Luckily for the parish coffers, in high-profile cases such as this, charitable collections, promoted by the local newspaper and the parish grapevine, came to the sufferers’ assistance. Both the Oxford Journal and the overseers’ accounts mention a wide range of donations, including £122 from Oxford University.

And, of course, the survivors of the epidemic continued to suffer long after the disease had abated. A charity ball was held at The Bull in Burford on September 21 to address their cause. All such large collections were turned into small individual payments by the overseers for bedding, cleansing, shoes, medicine and so forth.

It was unfortunate for Burford that smallpox came to call a little too early for medical protection, even though the breakthrough in the fight against smallpox took place just down the road in Gloucestershire. Smallpox vaccination, using the method pioneered by Edward Jenner at Berkeley, first took place in the town in 1819.

Prior to that, practitioners had been experimenting with inoculation. That is, patients were deliberately infected with a small amount of the smallpox virus in order to encourage resistance.
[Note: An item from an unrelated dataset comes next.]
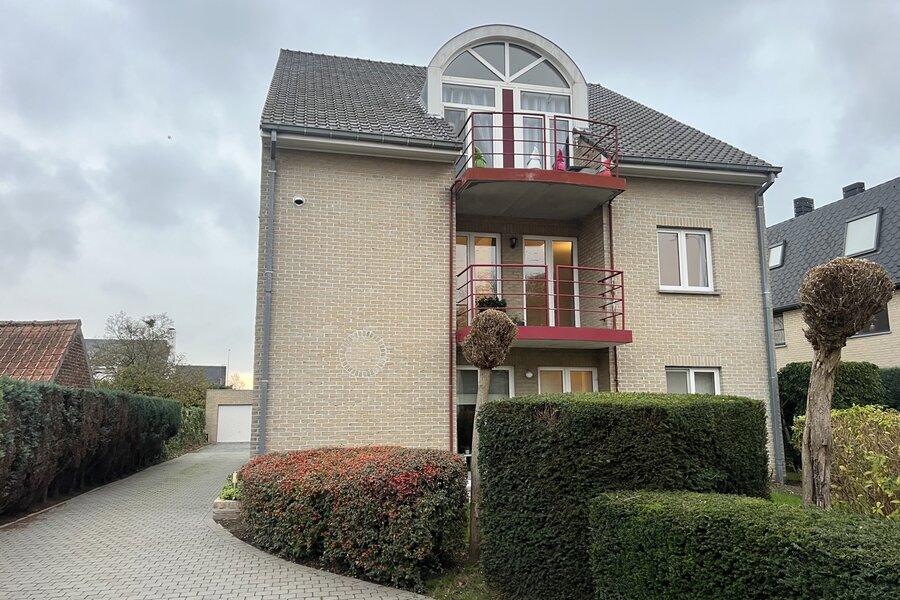 Ruim appartement te Eke!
Some parish authorities, eager to explore any way to defend themselves against the spread of the disease, had been encouraging (and in some cases forcing) the poor to be inoculated by the 1750s.

But here again, it was too late for Burford.

Dr Jenner’s breakthrough demonstrated that smallpox was a disease that could be prevented and, in the long term, eradicated. And it is one of the great triumphs of world medicine that a disease which was still killing two million people a year in the late 1950s had been wiped out by 1979. There would be no more Burfords.

There is, however, an ironic coda to the story. The last recorded death from smallpox anywhere in the world was that of Janet Parker, a medical photographer from Birmingham. Parker was working on the floor above a lab in the University of Birmingham Medical School, which had been conducting experiments on variants of the smallpox virus. Here she had been accidentally (and fatally) exposed to the virus. It was testimony alone to its extraordinary virulence.

She died a few days later – on September 11, 1978 – in East Birmingham Hospital.

The irony? Janet Parker’s home address was Burford Park Road in Kings Norton.